Still, until then it’s not all bad news. Although the cancellation of Rowdyfest has just been announced, Festival on The Farm has run for cover and can be found lurking in warmth and security of Riffs Bar throughout this weekend, albeit in a reduced, bands only capacity. In brief, Friday is acoustic night; Saturday is tributes and cover bands and Sunday a mix of bands from The Graham Mack Band to Echo and from Penfold to Rocket Box.

 

Right, back to regular in-door matters. Tonight at The Victoria trash pop aficionados, The Starkers, will be unleashing their mix of melody, discord, harmony and mayhem on the unsuspecting public. We are all in the gutter and some of us like it there! Support comes from the driven, mathy sounds of Oui Legionnaires and kicking things off, eleventh hour booking, Secret Lives.

 

Down at The Beehive, Kola Koca will be mixing up any genres that cross their paths into smooth, jazzed out, folked off, rocked up, lyrically poignant masterpieces. More eclecticism can still be found at The Beehive on Friday with The Parlour Kats, whilst down at The Rolleston the Mason-Dixon line collides with The M4 corridor to shape the inimitable southern blues, rock and gospel sound that is Pignose.

 

More old time revivalism at The Victoria, this time with the skiffle, audience participation and general mayhem of Ode and The Bebops. If you can’t shake your moneymaker then a plastic bottle with some stones in it will do just as well.

 

Something wicked this way comes (these literary references are just flying out today) to The 12 Bar as local Hip-hop/Rap icon, AJ descends with a full band to bring to life his latest album, Tangle Your Cassette. The MECA, meanwhile,  has another of it’s trademark roller discos.

 

Saturday is all about the big guns as the 12 Bar plays host to another Southwest Hardcore event.  Pop Punk meets Hardcore, as MaLoKai, Snap Back, Go Out With a Bang and Starlight City bring the noise.

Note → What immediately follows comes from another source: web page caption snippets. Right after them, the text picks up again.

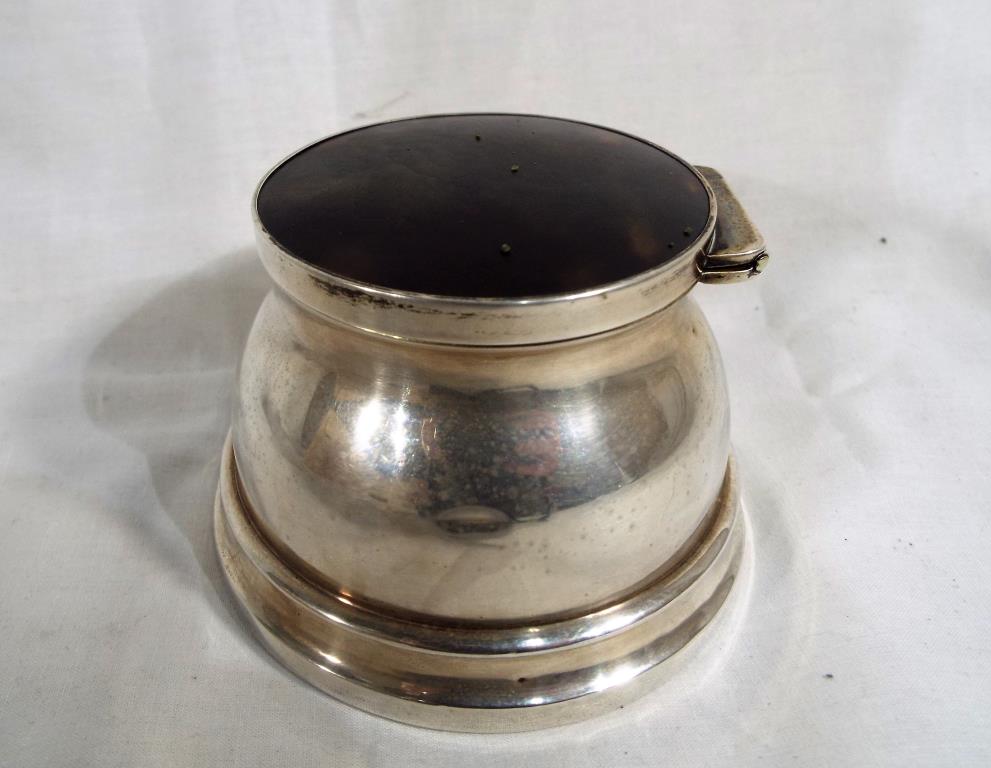 An Edward VII hallmarked silver capstan inkwell with ceramic liner and tortoiseshell lid, - Image 2 of 3
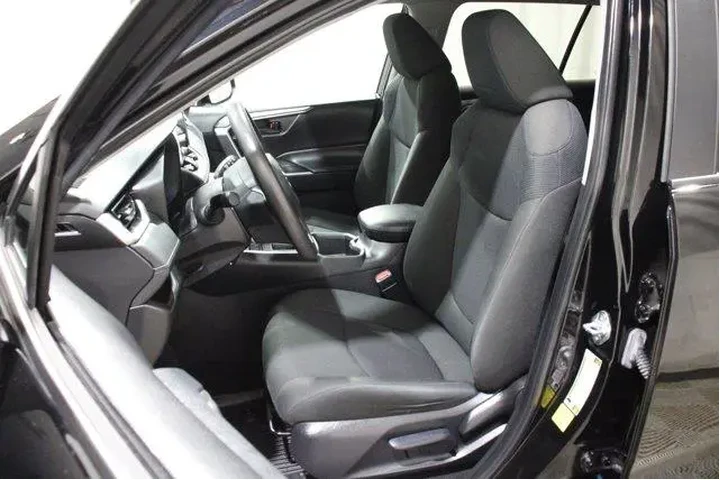 $32998 : Toyota RAV4 2024 LE 4dr SUV image 5
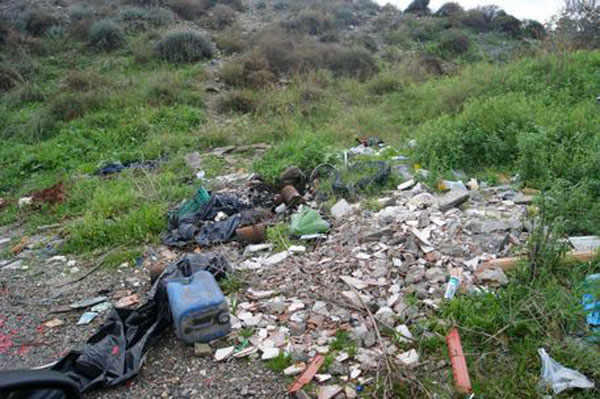 Sequestrati rifiuti speciali vicino a fiume nel cosentino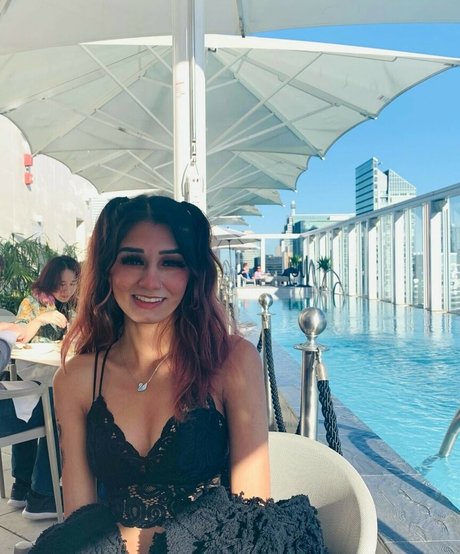 Bhavika Shah étoile magnifique archive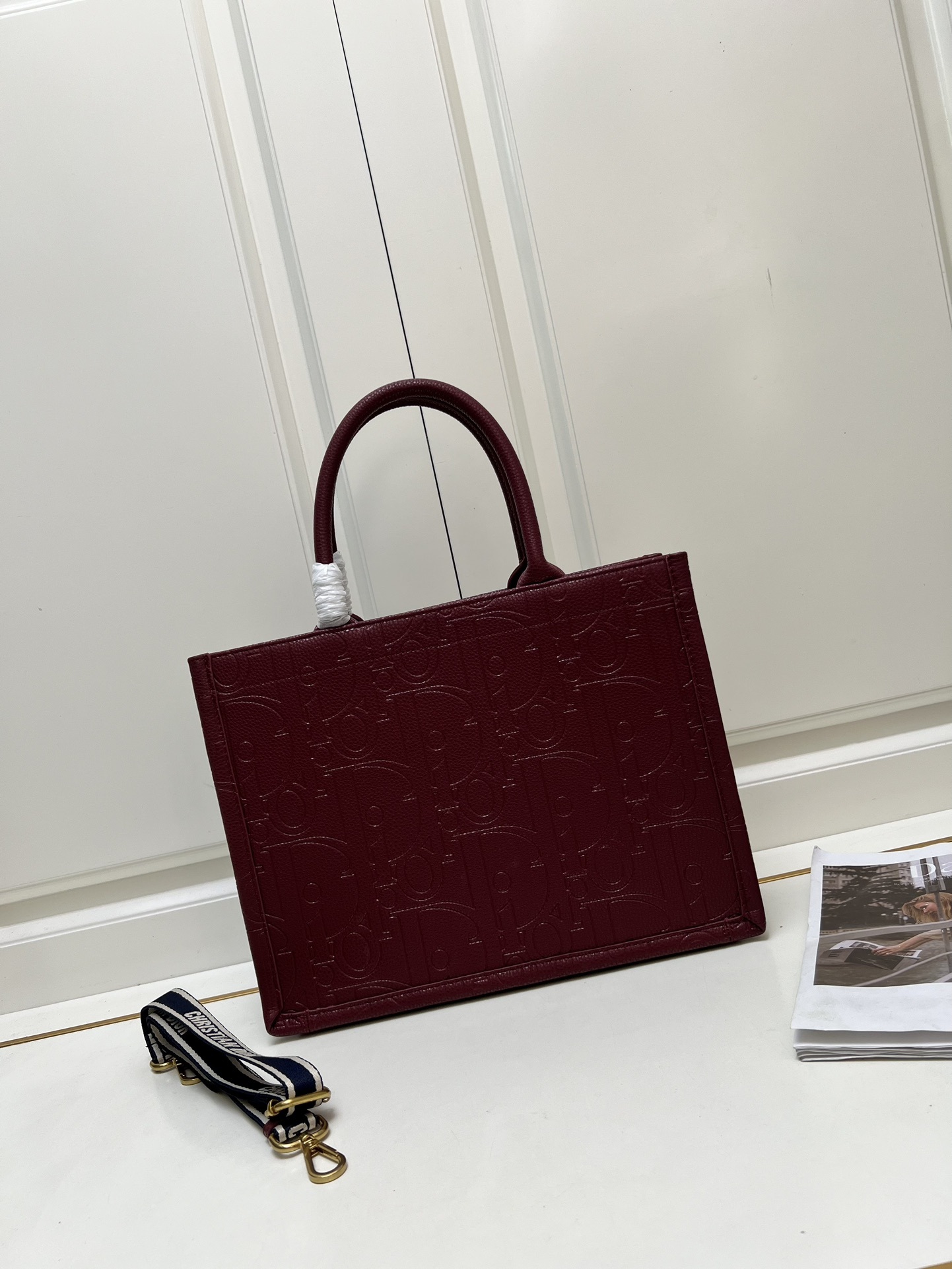 D new arrival book tote bag size: 36.5*28*17.5cm top quality - Top Club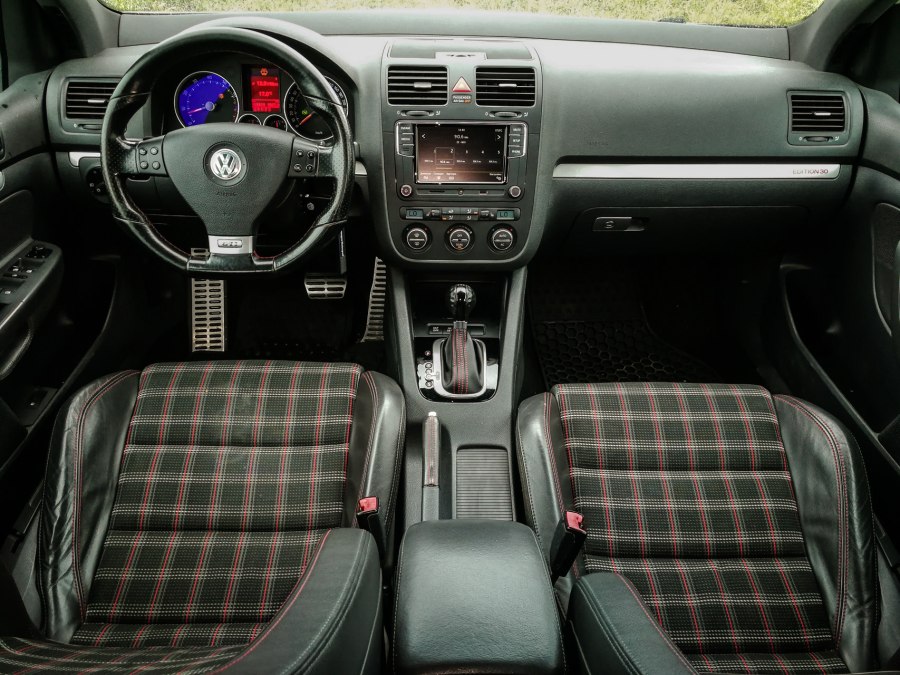 Golf 5 GTI салон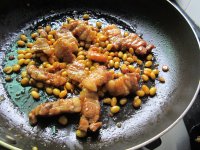 豆瓣酱焖黄豆五花肉的做法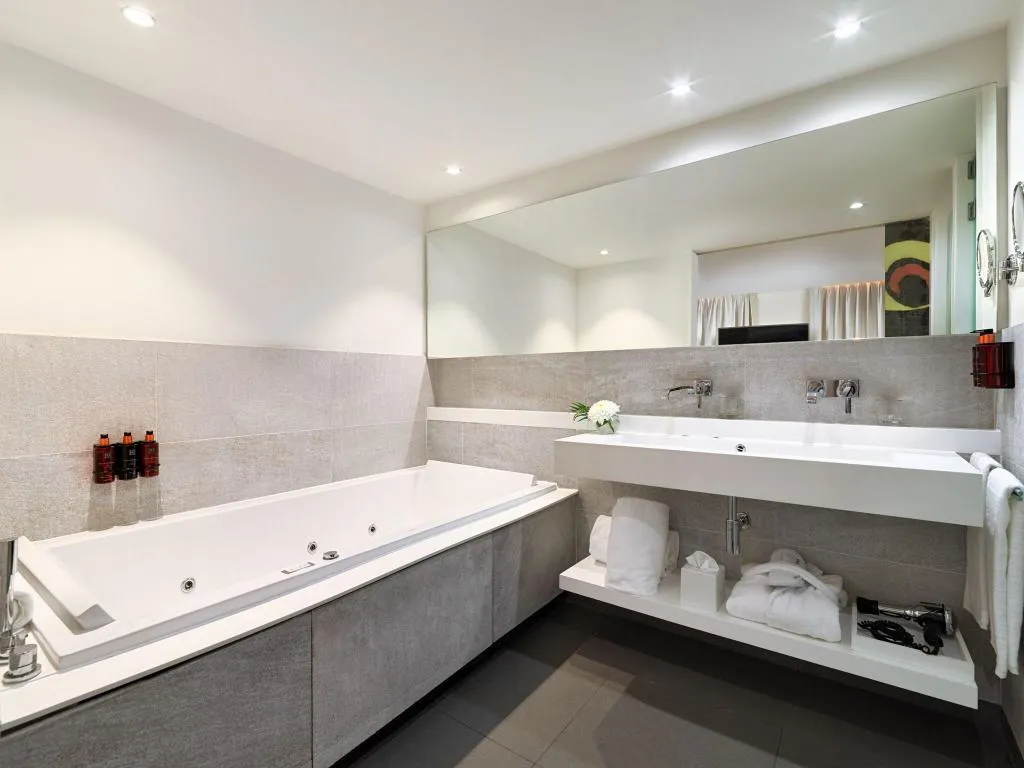 JUNIOR SUITE WITH DOUBLE BED Room, H10 Art Gallery, Barcelona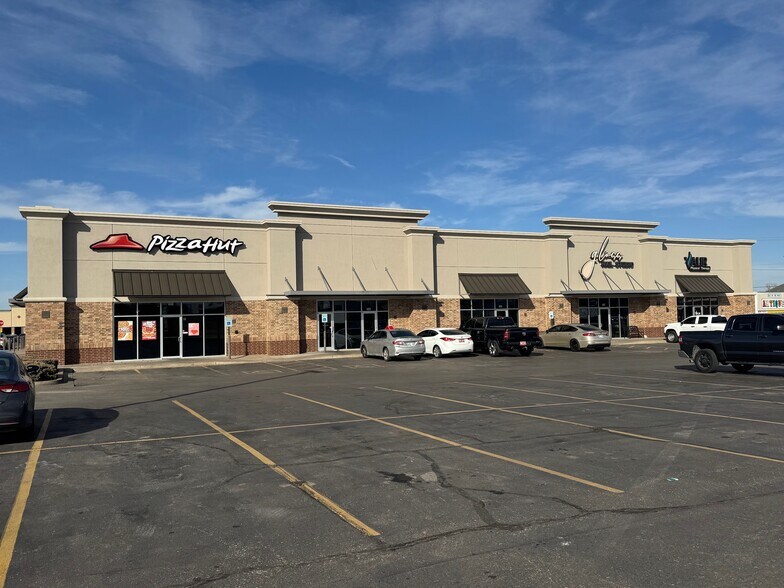 More Photos Of 107-115 E State Highway 152, Mustang Unknown For Lease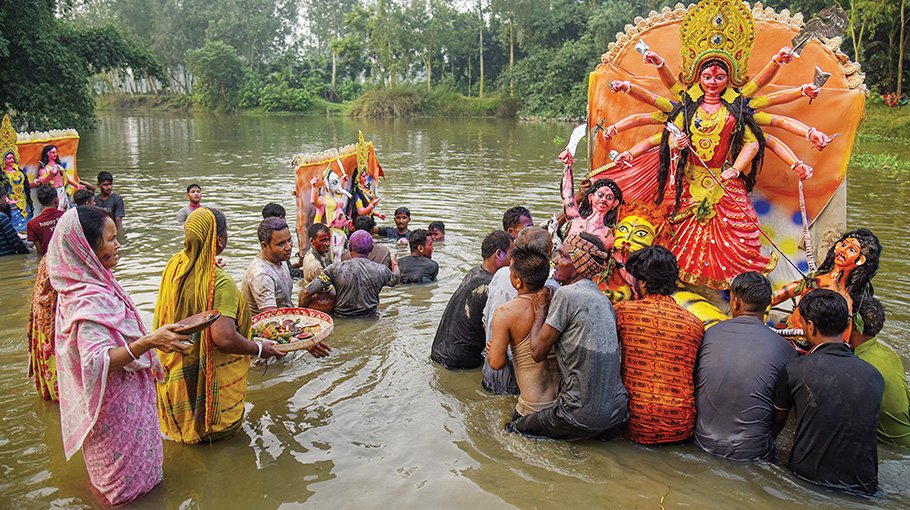 Durga Puja ends peacefully, idols immersed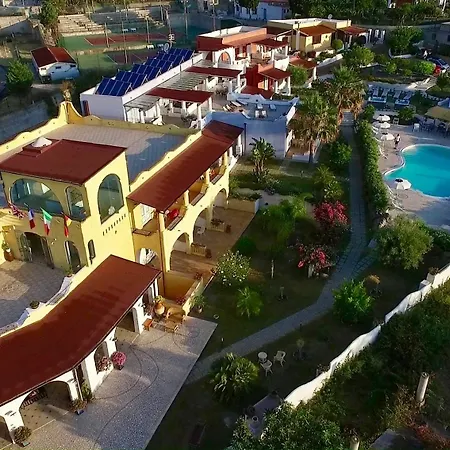 מלון Bougainville 4*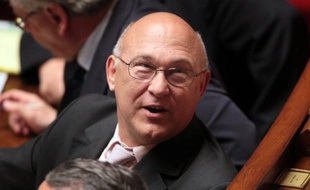 Le député PS Michel Sapin s'est inquiété jeudi que la zone euro aille "faire la quête" en Chine, et se mette vis-à-vis de ce pays en "situation de faiblesse", dans le cadre de l'accord de sauvetage de la monnaie commune intervenu dans la nuit à Bruxelles.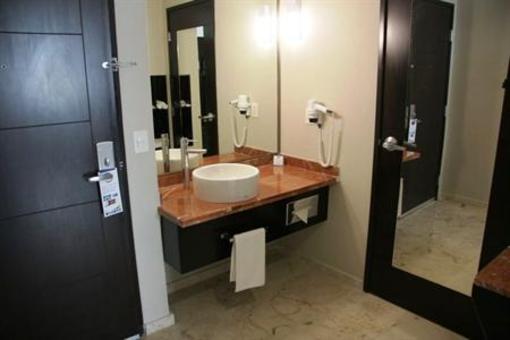 фото отеля Holiday Inn Express Ciudad del Carmen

At the opposite end of the spectrum, in Faringdon Park there is The 2012 Children’s Fete. All ages entertainment from maypoles and circus workshops, storytelling and dancers, fairground and live bands, but more importantly…free cake.

 

Sunday’s Beehive afternoon session is ably filled by Mr. Love and Justice and if the idea of historical, socio-political, agri-folk appeals then this is the band for you. Imagine Richard Jefferies fronting The Byrds  – Sweetheart of the Roundway Down perhaps? Or Thomas Hardy writing for the Beatles; Hey, Jude (The Obscure?) Best just go along and work it out for yourselves. Farmers for fifteen minutes? Ok, enough.

 

The evening sees Charlie Bath and The City Marshals launching her new e.p. The Good Fall. Expect seductive melodies, understated music and emotive atmospheres to be the order of the day. Support comes from Phil King and Emily Sykes and it all happens at The Victoria. Meanwhile at the Rolleston, Ash Mandrake will be weaving his prog-folk, story telling magic through the use of twisted mythologies, home made guitars and strange hats. Both bizarre and utterly spellbinding.

 

And it remains a good week for rock fans as Monday at The 12 Bar; the mighty Mortdelamer will be building their wonderfully mellifluous yet often threatening soundscapes. Also on the bill are the darkly epic Scythes and the atmospheric and luscious slow burn majesty of IX.

 

And the final quote comes from Michael Fish.” Reports of a hurricane are unfounded” Yeah, right!